He says," that with respect to an intermediate state, nothing is revealed to us.”—And again, “ In fact no such doctrine (namely, as that of the immortality of the soul as a disembodied spirit) is revealed.” — Now surely this should not have been written. Against his single opinion, (and he quotes no other) the opinions of many authors, at least equal to him in learning and judgment, maintain that this point is in the Bible plainly revealed. But let us ask- What is revelation ?-Are we to consider no doctrine revealed, but what is laid down in Scripture in plain and express terms ?-Are we not, on the contrary, left to deduce many truths, which yet are undeniable, by inference ?-by comparing different passages together, and interpreting one Scripture by another?
Again we are told,—" As for the state of the soul in the interval between death and the general resurrection, the discussion is unnecessary and perhaps unprofitable. Had knowledge on this point been expedient for us, it would doubtless have been clearly revealed; as it is, we are lost in conjecture.”—Coming from authority considered by
many so high,— by many too of an age to embrace eagerly any assertion boldly advanced and speciously maintained, this sentence is surely one of dangerous tendency. It is likely to lead many minds to adopt the certainty of what is here only insinuated, namely, that there is no self-consciousness in the soul between death and the resurrection; and the transition is by no means difficult or improbable from believing the soul may be insensible for many thousands of years, to the belief that it never may wake again.

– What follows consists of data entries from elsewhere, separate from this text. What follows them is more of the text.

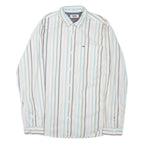 TOMMY HILFIGER Mens Shirt White Striped Long Sleeve S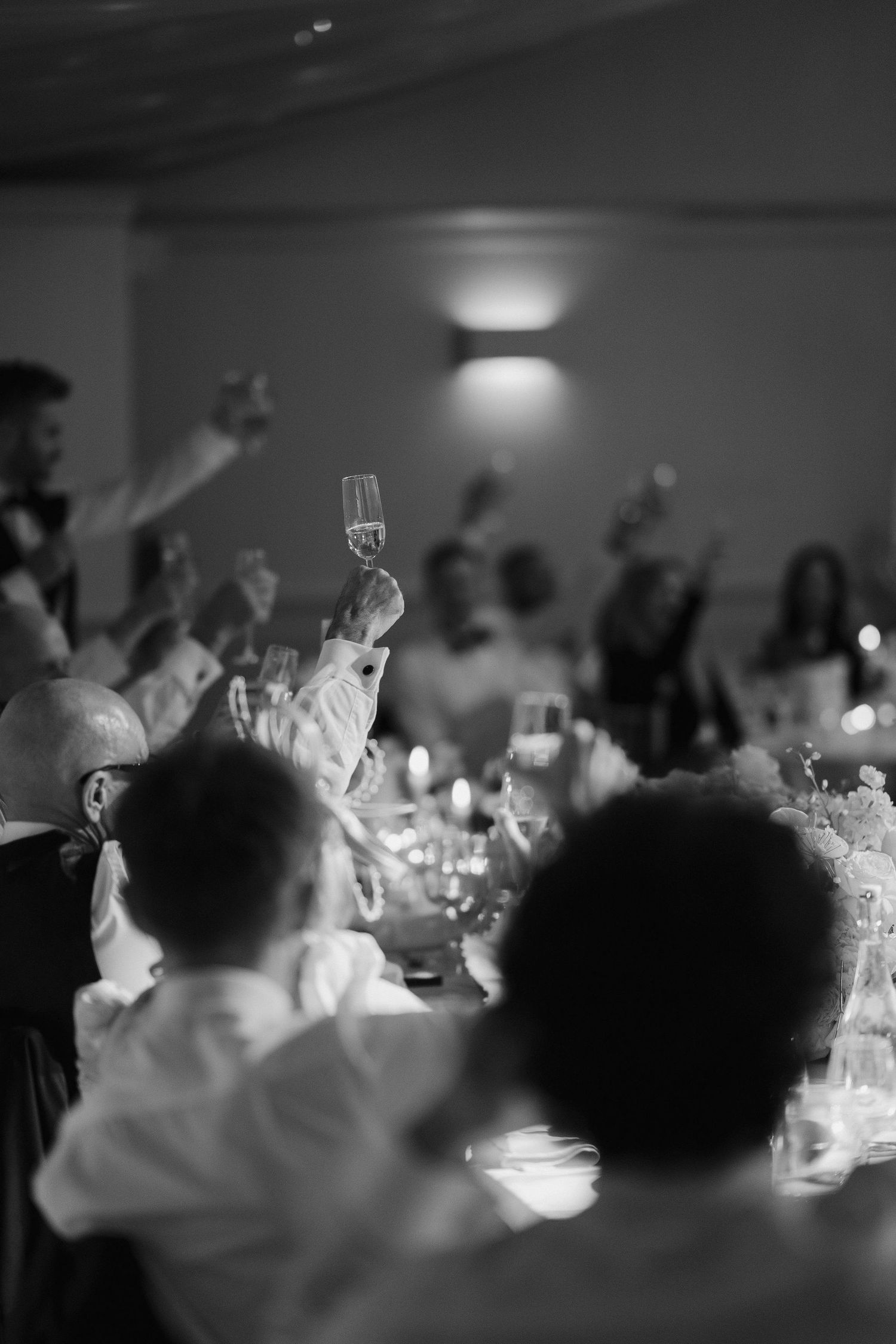 champagne glass raised during speeches at Iscoyd park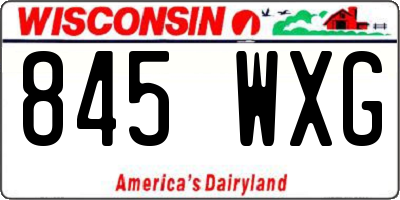 WI license plate 845WXG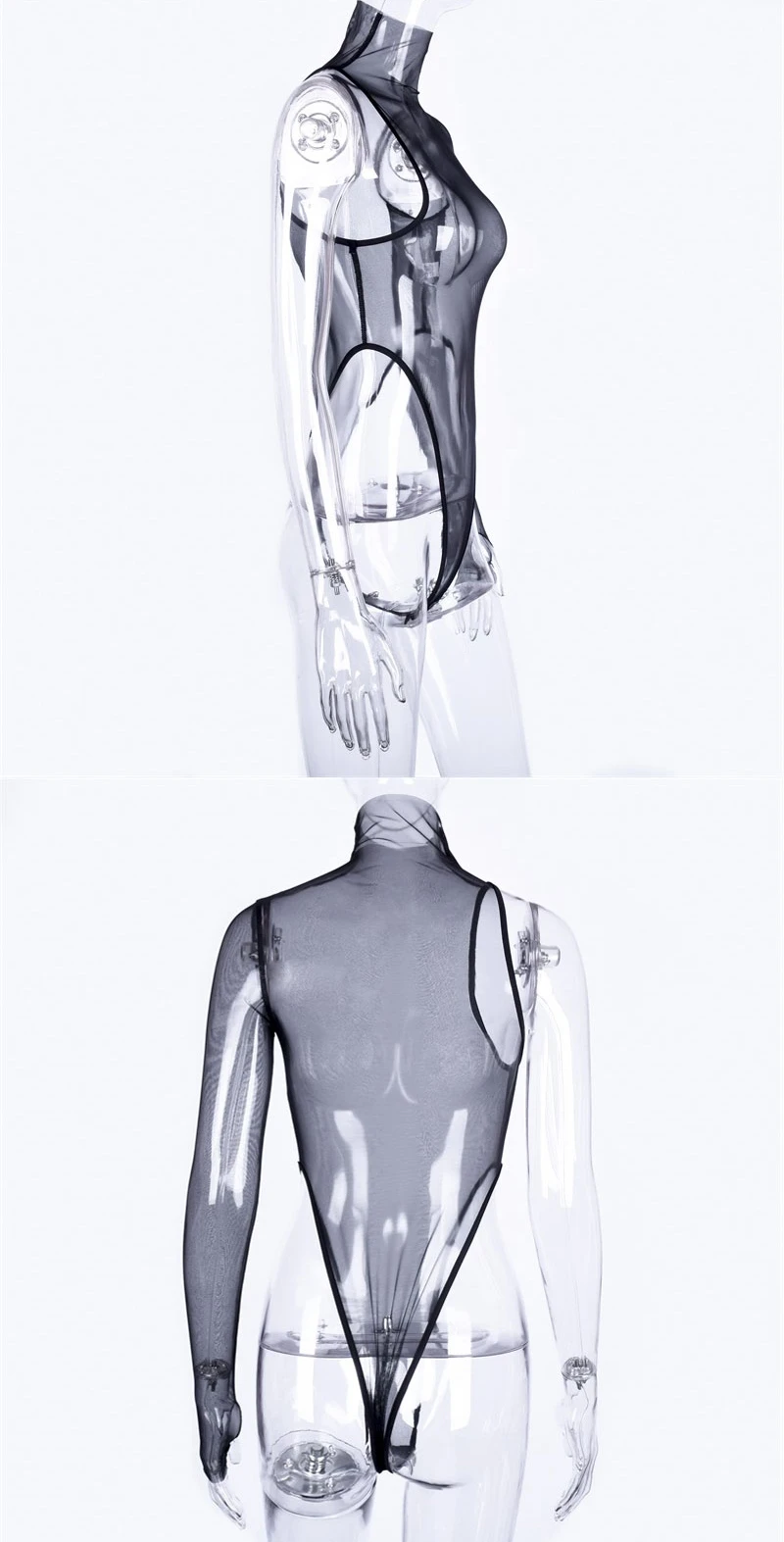 Сексуальная одно плечо Для женщин сетки Sheer длинным рукавом See-through Высокая шея Женское боди комбинезон-трико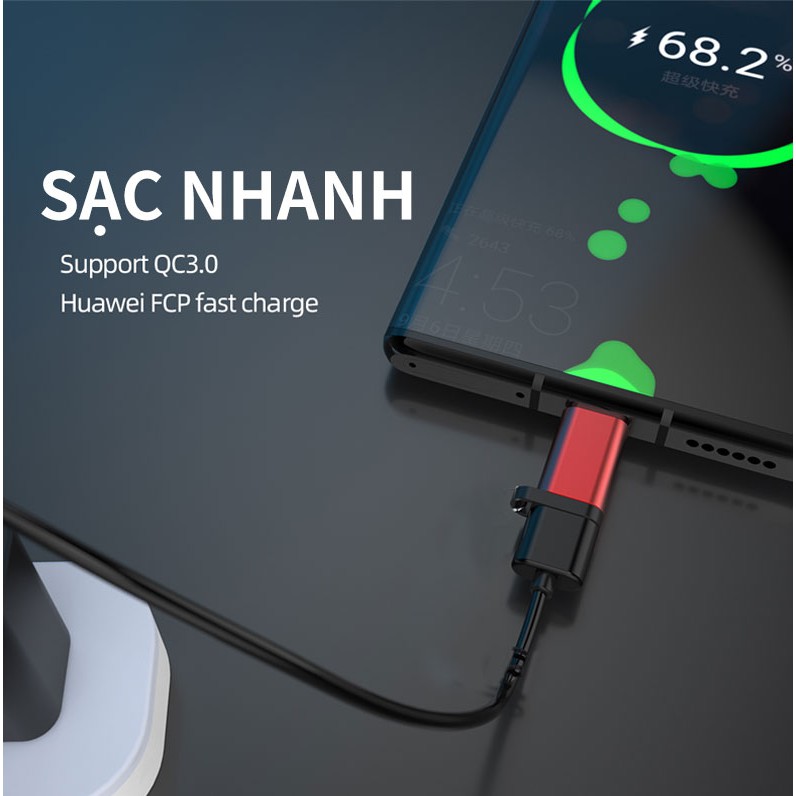 Đầu chuyển đổi OTG Micro Usb/ Type C sang Usb 2.0 cho Realme Samsung Xiaomi Huawei  chất lượng cao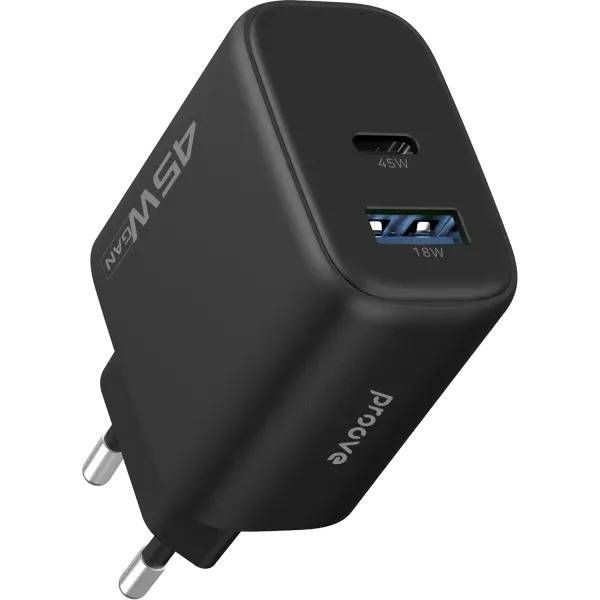 Фото - Мережевий зарядний пристрій Proove Silicone Power 2 45W (Type-C+USB) black (WCSP24110001)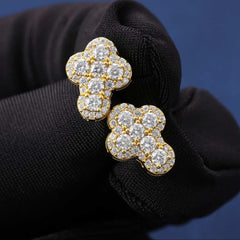 Fashion Hip Hop Jewelry VVS D Moissanite Earring Cross Iced Out Jewelry 925 Sterling Silver Stud Earrings for Gift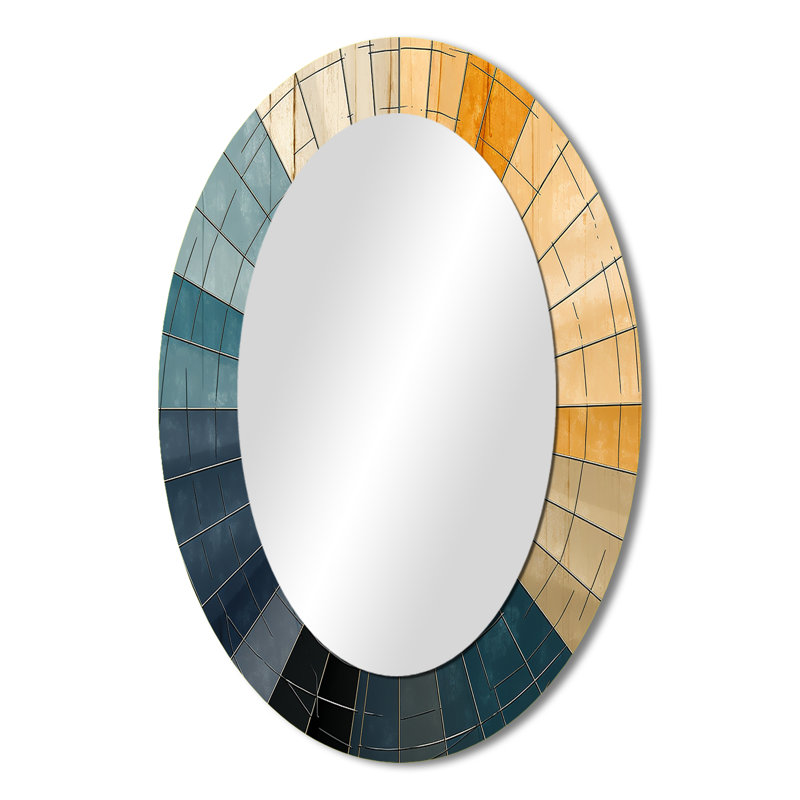 Mid-Century New Balance Abstract Geometrics II - Blue Mid-Century Oval Wall Mirror, 36" x 24"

In the course, however, of the present work, it will appear that this discussion has by competent judges been considered to be neither unnecessary nor unprofitable;—that knowledge on this point is expedient for us, and, therefore, has been given; and that it must be entirely our own fault if we are lost in conjecture.
Neither can we allow the truth of the following assertion :-that “ the heathens had not the faintest conjecture of a future existence, as involving the idea of enjoyment or suffering, corresponding with men's conduct in this life.”—This is a sweeping assertion: and if true, it proves, that the greater part of the readers of classical antiquity have hitherto been most sadly mistaken. But is it true? The assertion is indeed limited to the esoteric works of the ancient philosophers; it is admitted that in their exoteric works they did maintain such doctrine ; accommodating themselves herein to the opinions of the vulgar. But this is an important admission. For it concedes, that the general opinion of mankind was in favour of such a future state ; and that the Philosophers alone doubted it. And the inference is obvious, that so strong was public opinion against them, that these enlightened few dared not openly to contradict the doctrine in question. No doubt, with respect to the soul, wild and extraordinary were many of the opinions maintained by various schools; yet it is not correct to say, that they all taught, that the soul after death is absorbed into one general pervading spirit.
Any one not personally acquainted with an author advancing in these times opinions like those above mentioned, would be tempted to suppose, that he must stand alone in the world; in other words, that as far as such a thing is possible, he can have no worldly connection whatever; at all events, that he never can have lost by death a child, a brother, a sister, or any dear friend. For what is one great hope and comfort which supports us under such painful trials ?—What but this ?—that those we loved, though dead in the body, are alive in the spirit. Indeed so little can we feel disposed to admit them to be in a state of insensibility, that we are even tempted to go farther; and to hope,
not only that they are alive, but that they are perhaps allowed still to observe us in our arduous journey through life!—that in the places where we have been accustomed to enjoy their loved society, their spirits may still be permitted to hover round us! to be ministering angels, invisibly acting for our comfort and preservation !- In this there may be too much imagination ; but as it is, if erroneous, an error arising from warmth of natural affection still yearning with tender regret after the dear objects in which it formerly found great part of it's terrestrial happiness; and stimulating to the earnest endeavour so to walk as to be hereafter again admitted, and for ever, to the blessed society of those for a time only gone before us; it is an error much more easily to be pardoned, than the cold, the cheerless, and it may fairly be said unfounded, and in its probable consequences dangerous idea, that our Dead, are for a time, for thousands of ages perhaps, in effect dead indeed, both body and soul.
It is not fortunate for the credit of any writer, that he should have given publicity to such sentiments. Luckily for him the high and established character of the author in question precludes the possibility of any misconception of his principles where he is known. But his work may be read where he is not known. And supposing this to be
the case, he will certainly be liable to the suspicion of secretly inclining to materialism. Not that this will be suspected where he is known; or that any thing he says could be dangerous to minds like his
But all minds are not equally gifted; nor equally well-trained and disciplined. And if in any mind there should exist the least previous leaning to such anti-christian doctrines, the expressed sentiments of this Christian writer would undoubtedly confirm such a mind in it's error.-It would surely have been better to have passed over in silence this particular branch of his subject, than to have mentioned it in a way which even by remote possibility might lead any person to dangerous misconception.
But we are farther told by the same author, " that no one can prove the immortality of the soul without Divine Revelation." Let this be granted. There is no occasion why we should dispute the position; for it appears from numerous passages in the Bible, that the immortality of the soul was, from the first, a point Divinitùs revelatum. And the chief ground of complaint against this author is, his having mentioned this doctrine in such a way, as to lead young minds to suspect that after all it never has been revealed with sufficient precision, and that, therefore, it may fairly be called in question.